Reputation: 11
Good afternoon, everyone. I'm setting up reading data from a Kafka topica that consists of 24 partitions using ClickHouse. ClickHouse uses a table from Kafka ENGINE with the following settings:
CREATE TABLE logs.log_kafka_v2 (
`_partition` UInt64,
`_offset` UInt64,
`user_id` String,
`content_id` String,
`scenario` String,
`node_context_key` String,
`is_result_node` String,
`content` String,
`score` String,
`position` Int8,
`request_id` String,
`response_ts` String
) ENGINE = Kafka SETTINGS kafka_broker_list = 'kafka-navigator-prod:443',
kafka_topic_list = 'log',
kafka_group_name = 'log-click-consumer-test',
kafka_format = 'JSONEachRow',
kafka_thread_per_consumer = 1,
kafka_num_consumers = 24,
kafka_poll_max_batch_size = 800000,
kafka_commit_every_batch = 1,
kafka_poll_timeout_ms = 2200;
At the moment this configuration allows to read data from 18 partitions with good speed, but not how many (6-8) have a very large data lag, as you can see from the screenshot.

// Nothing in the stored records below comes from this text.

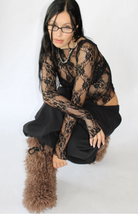 Person wearing black lace long-sleeve top with floral pattern, black pants, and tan fuzzy boots against white background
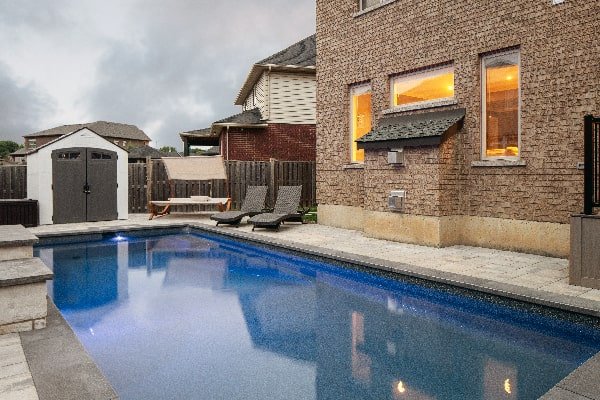 Pool Design and Construction Photo of Relaxing Pool Patio and Shed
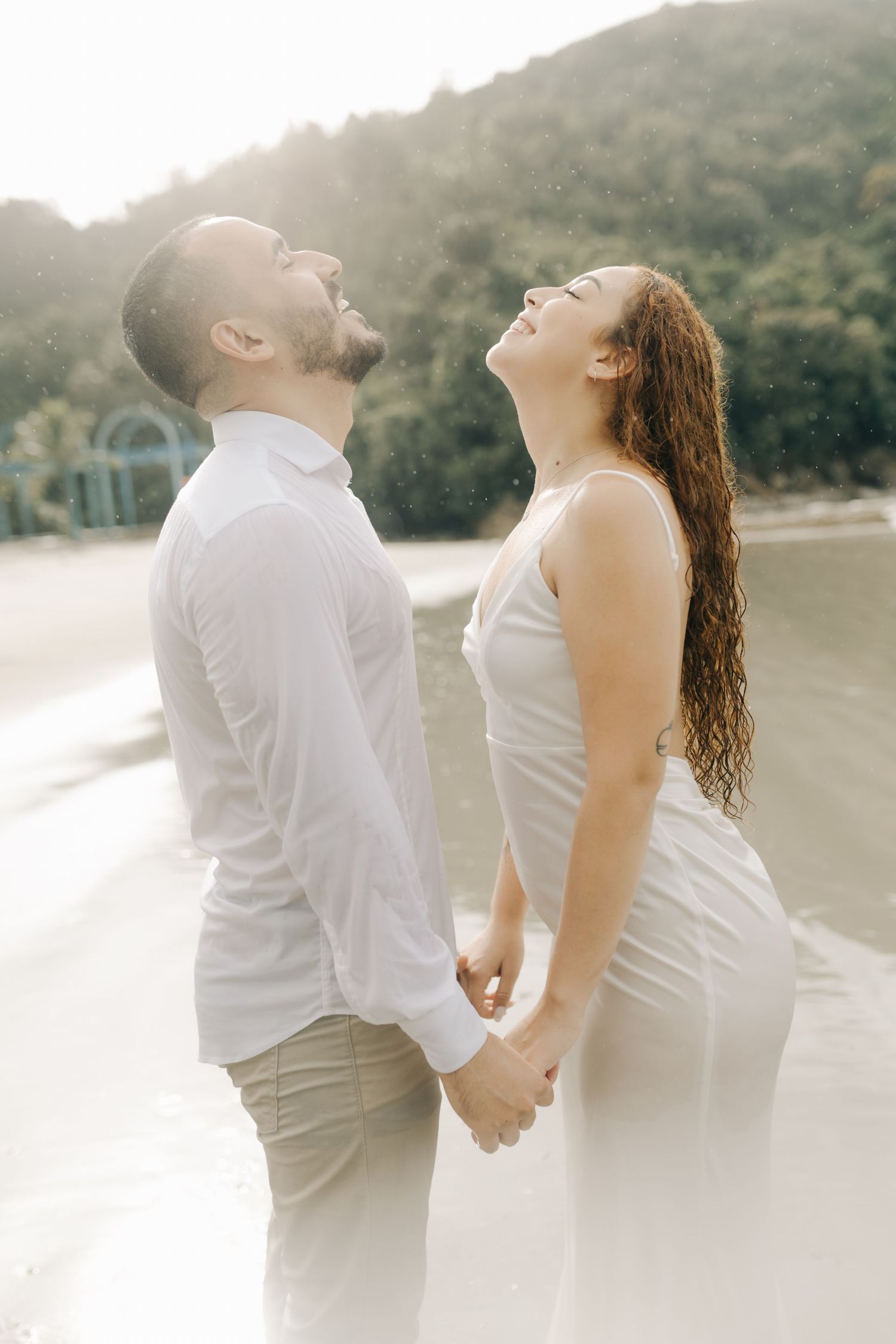 Couple in white clothing dancing and laughing together on a serene beach.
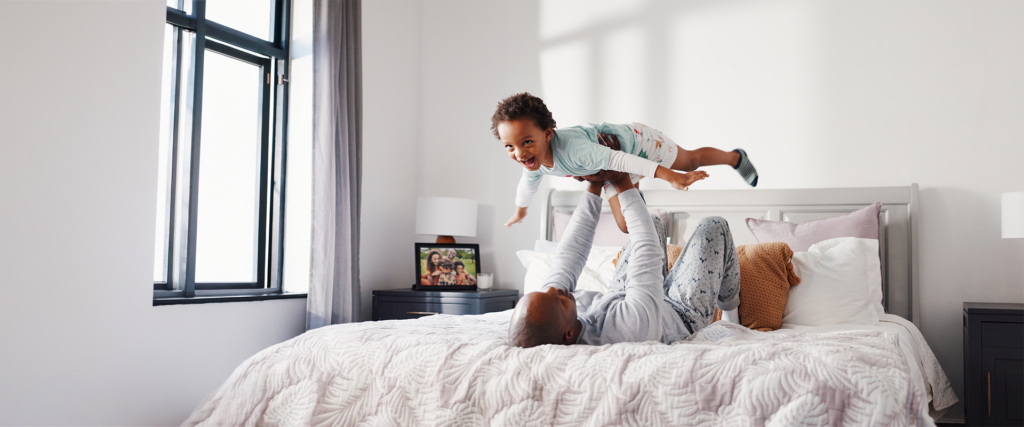 dad flying son on bed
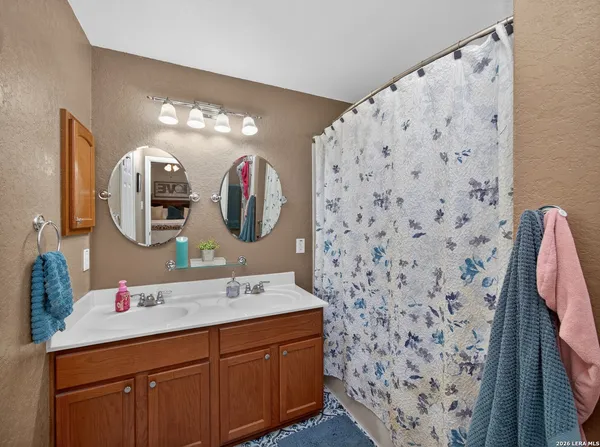 a bathroom with a sink vanity and mirror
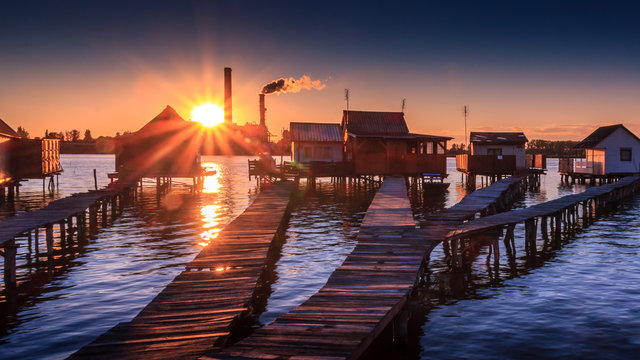 Sunset fishing houses on a lake in Bokod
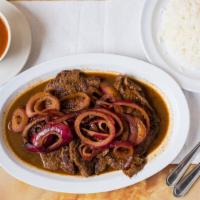 Bistec Encebollado Selleccionada · Most popular. Steak with onions. Served with rice and beans or fried green banana or special...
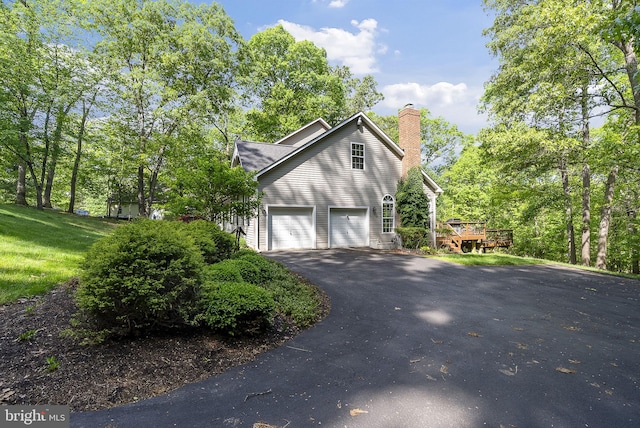 117 Graystone Farm Rd, White Hall, MD 21161 - view of side of home featuring driveway, a chimney, and a wooden deck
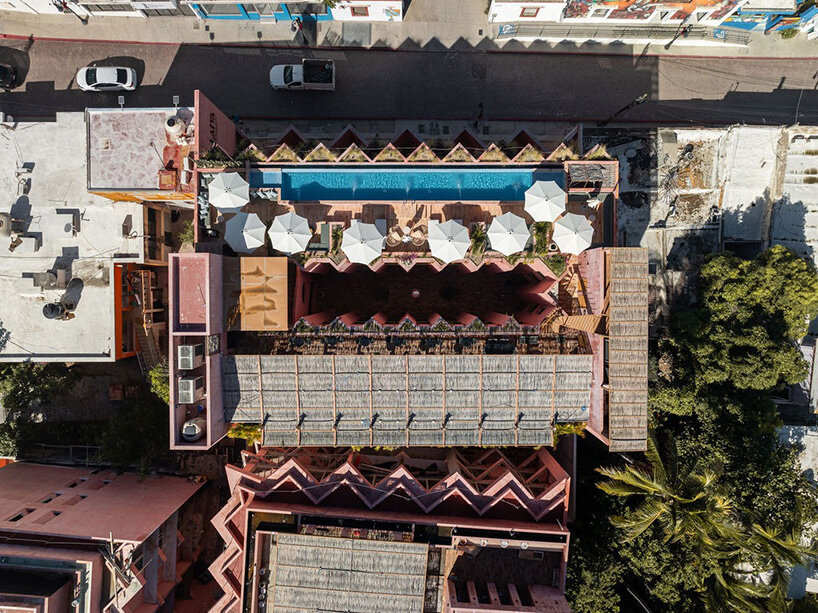 red-toned stucco surfaces form layered facade for boutique hotel by RA! in mexico - 9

My topic has about 400,000 - 500,000 posts per second. Has anyone encountered this situation ? What settings should be changed so that all partitions do not have lag ? Thanks in advance!
I've tried using different settings for the base and ClickHouse itself. The base itself is based in the cloud as SaaS, Kafka is on Kubernetes
Upvotes: 1
Views: 24